The first came in a group e-mail — I have asked to be taken off the sender’s distribution list — depicting the White House. In place of the Rose Garden was, courtesy of Photoshop, one supposes, a watermelon patch. “What a waste of a perfectly good Rose Garden,” the caption read. I stared at the screen for a full five seconds unbelieving, unable at first to grasp the meaning of what I was seeing, then unable to hold back the anger. “NOT FUNNY!” I e-mailed back to all on the list. “Un-American! Racist! Stop it!”

I had just gotten over the shock of the e-mail when while vacationing in Arizona I encountered a man in a Starbucks wearing a baseball cap adorned with a replica of the Confederate flag and a T-shirt depicting a broadly smiling Barack Obama in waiter’s livery proffering a watermelon. The lettering across the T-shirt read: “M.F. Obama.” Saving me the trouble of picking a fight, another customer said to Mr. T-Shirt, “Hey, you can’t go around wearing that sort of thing.” Whereupon a young woman employee of the place weighing certainly no more than 90 pounds and being all of 4 foot 9 inches tall stepped between the two men and asked them to take their argument outside. They did, and the rest of us caffeine addicts stood there rather stupidly, saying nothing, absently paying for our beverages and getting the hell out. The Arizona Republic newspaper that morning featured much information on the President’s visit scheduled later that morning for Phoenix, making the unfortunate coffee shop event a major embarrassment. I have failed to mention that among the staff and patrons present were several Hispanic Americans. They seemed to shrug off the incident, perhaps long since inured to the taunts of rednecks. They seemed, in fact, rather resigned to the appearance of the big boob and his obscene T-shirt. That racism — incipient and otherwise — exists is no surprise. What is surprising in a very unpleasant way is how some people think they dare express it so freely and outrageously as did my (former) e-mail correspondent and the lout in the T-shirt at Starbucks. More disturbing than the incidents themselves is what must lurk not so far beneath the surface of the impulses that create them.

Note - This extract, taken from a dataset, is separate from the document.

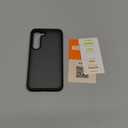TORRAS Shockproof for Samsung Galaxy S23 Case, [Military Grade Drop Tested] Translucent Matte Hard Back & Soft Edge Slim Protective for Samsung S23 Case Guardian Series, Black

I’m sure the watermelon patch and the offensive T-shirt are and should be protected by free-speech laws. But that’s not the point. It’s whatever makes people think such things are either a) funny or b) somehow appropriate as part of what’s left of civil discourse. The linking of any person of dark skin to watermelons is, perhaps at most, merely a dumb grammar-school prank. However, the pairing of such a silly and pointless symbol with the likeness of the Confederate flag verges, it seems to me, on sedition or, at the very least, inciting to riot.

Even though it took more than a century following the Civil War to begin in earnest the restoration of descendants of freed slaves to full citizenship, the war has been over for all that time — the Confederacy definitely having come out on the losing end. It is well to remember, as Abraham Lincoln said, the South desired war to destroy the Union. The North accepted war to preserve it. Meanwhile, the persistence of the Confederate flag as variously displayed on pickup truck bumpers, hats, shirts and the occasional billboard is obviously meant as a thumb in the eye of African American dignity and of the political will to preserve the Union with liberty and justice for all. Last November, by a healthy and determinative majority, American voters black and white alike — joined by millions of Latinos, Latinas and Asian Americans — elected Barack Obama President of the United States.

True, millions more voters — mostly in the Southern states where all these years along resentment of the surrender at Appomattox still simmers — cast their ballots for another. It is as if justice had not triumphed in April 1865 when lilacs bloomed in Walt Whitman’s dooryard “and the great star early droop’d in the western sky …”

Therefore, along with the implosion of the nation’s economy and the unresolved disasters of Iraq and Afghanistan, Americans must also devote attention to the glaring problem of racism that is, undeniably, the proverbial elephant in the room — a turn of phrase, by the way, that is sometimes a political truism. They are the flat-earthers of the politico-economic world.